EXERCISE AIM: Without changing a thing, reproduce the entire listing and leave out its pictures.

DATA SECTION:
----------
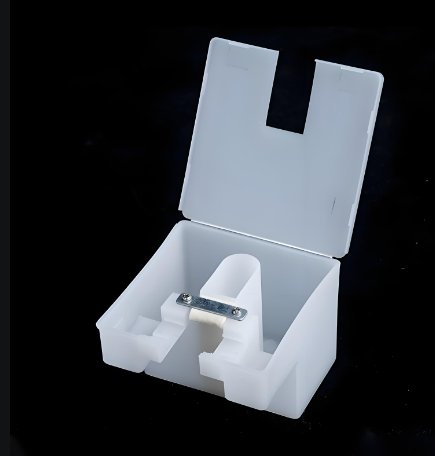 Housing Injection Molding Housing Injection Molding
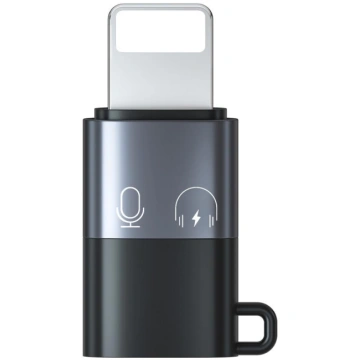 Fonken Mini Adapter Lightning uz Type C Female iPh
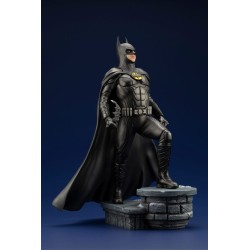 DC Comics statuette PVC ARTFX 1/6 The Flash Movie Batman 34 cm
----------
FINAL ANSWER:
 Housing Injection Molding Housing Injection Molding
 Fonken Mini Adapter Lightning uz Type C Female iPh
 DC Comics statuette PVC ARTFX 1/6 The Flash Movie Batman 34 cm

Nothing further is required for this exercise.